I used to adore that feeling of exhaustion, it made me feel like an athletic goddess. Golden adrenaline and a bloody great smile unquestionably accompanied that well earned evening on the sofa with an enormous plate of food and wind-kissed skin.
Then I hit 38, and physical exhaustion began to feel like torture. Pushing myself became similar to putting on a 5mm wetsuit with Raynaud’s. You can do it, but at a quarter of the pace of the people around you.
Last week I forgot this and pushed myself, again. I took part in a 24-hour Mega Swim to raise money for Multiple Sclerosis, and swam 7km through the night, 600m of that butterfly. Yes, that’s 12 long laps of a stroke I have little understanding of, in a very large pool.
Foolishly, I had agreed to match 100m of fly to every $100 I raised. I hadn’t imagined that friends and family would donate quite as much as they did, or so quickly.
My first couple of laps were tough, as my body got to grips with the powerful force of the stroke.
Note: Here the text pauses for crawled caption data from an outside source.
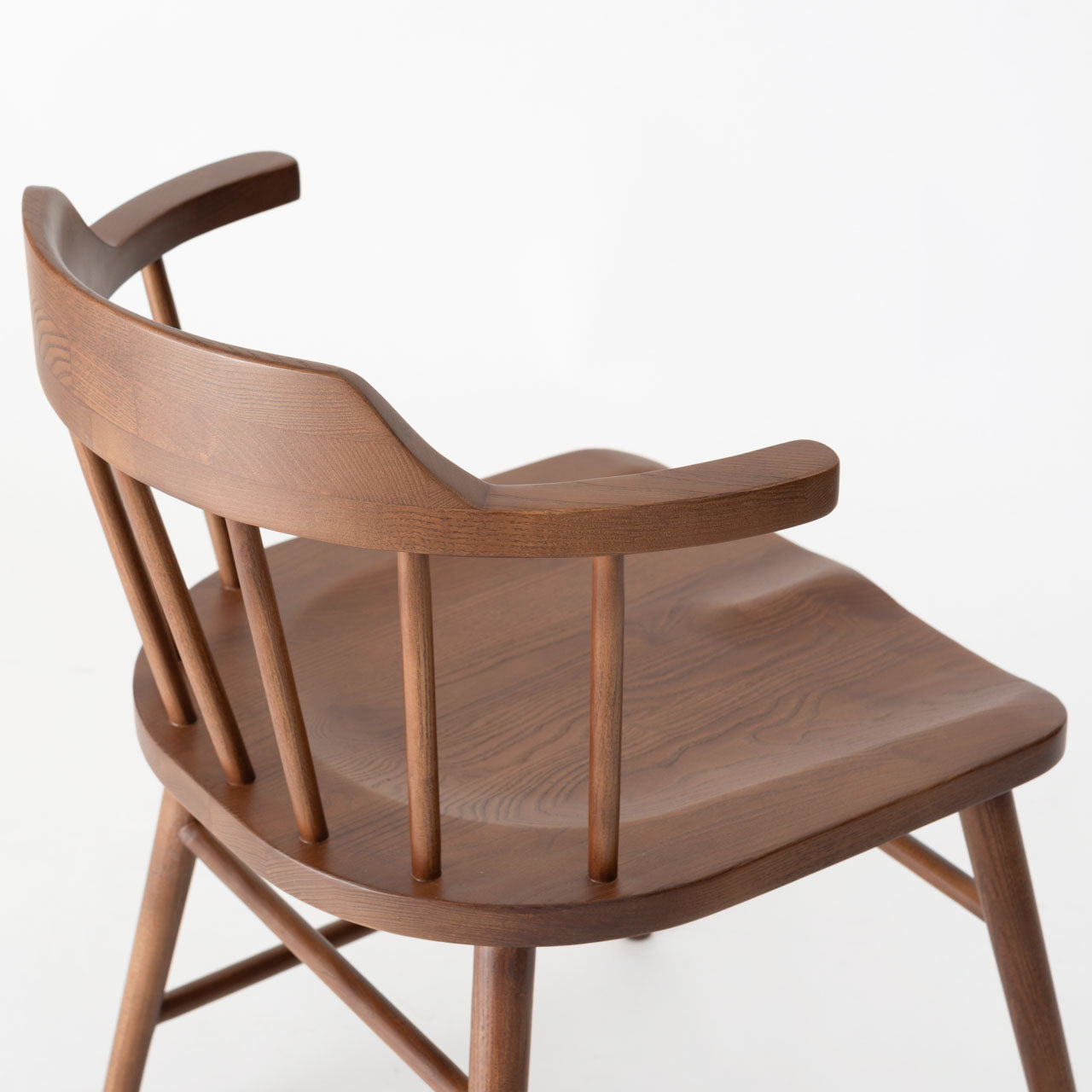 Tansy Windsor Chair ウィンザーチェア デスクチェア リビングチェア ダイニングチェア ファンバック アームレスト 椅子 書斎 家具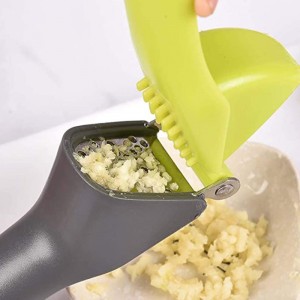 Plastic mincer garlic press crusher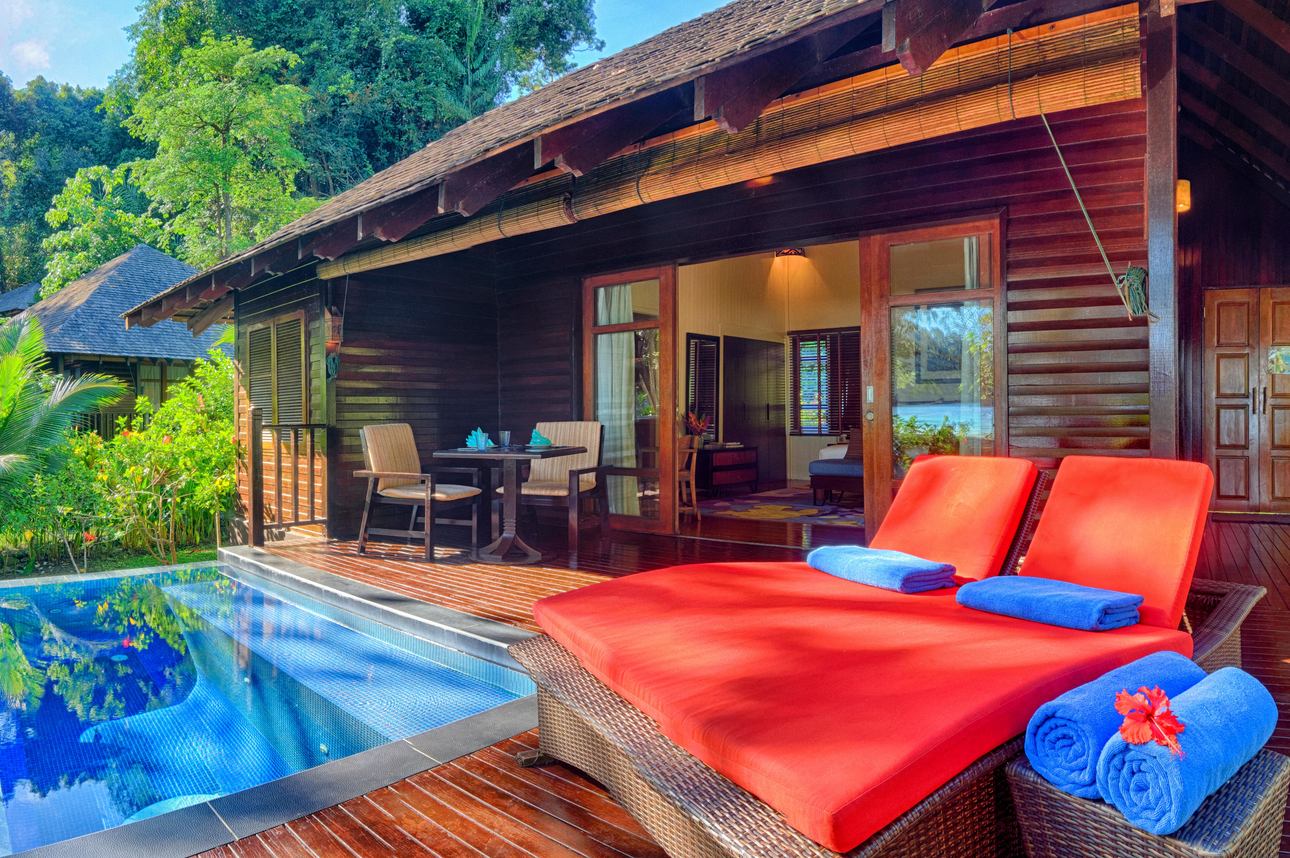 Bunga Raya Island Resort & Spa - Plunge Pool Villa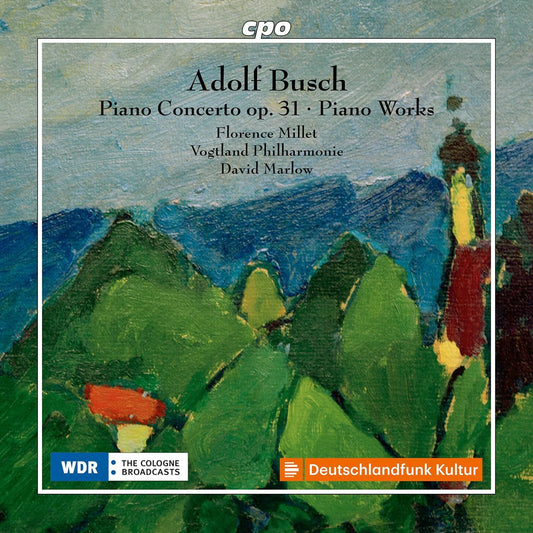MILLET/VOGTLAND PHIL/MARLOW - BUSCH - PIANO CONCERTO [CD]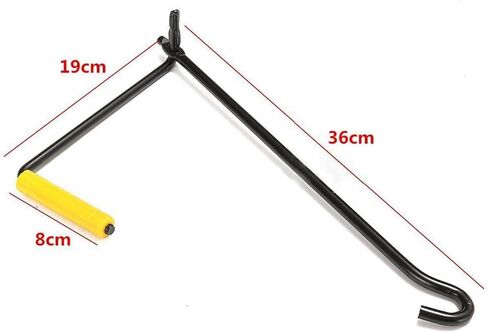 Metal Steel Car Truck Jack Lug Handle Wrench Auto Repair Tool New in Kuwait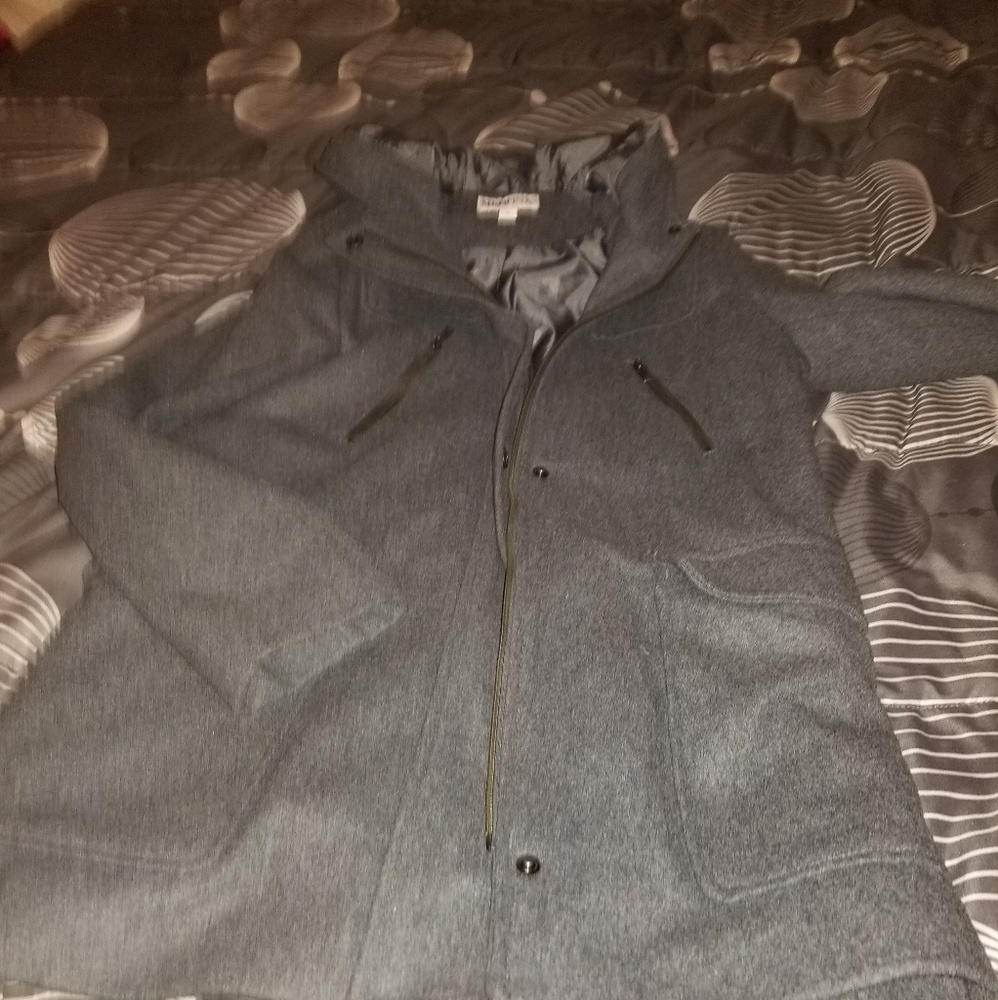 Women's wool coat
And then it became almost fun, as I lost my sanity and fellow team mates cheered me along.
And then, oh and then, Dan filmed me.
I saw what my fellow swimmers had had to endure – the painful sight of a drowning moth. Body hanging below the surface, arms hardly leaving the water, I had been crawling the length of the pool. Dan needed to put the video on x2 times the speed of my stroke to make it remotely watchable. I’m still having nightmares.
But the most painful part has been the days following, when my body catches up with the effort I’ve put out. There’s this confusing low, which comes after the event and lasts a few days. An exhausted despair that robs me of my spirit, replaced with an incapacity to function and greed for steak and cake. It’s happened every time I’ve gone heavy on the sport recently, and doesn’t fail to surprise me.
What do I do? Hold back on the big challenges; build up my fitness gradually; respect the ageing process? I’d love to honour all of these, but life’s too irresistible, and I’ve tried being cautious. It’s dull.
So, I’ll apologise in advance, to my team mates and friends. For making them watch the 2km of ‘drowning moth’ I’ll be swimming next year, and putting up with the calls of despair that follow. It is for a worthy cause, after all.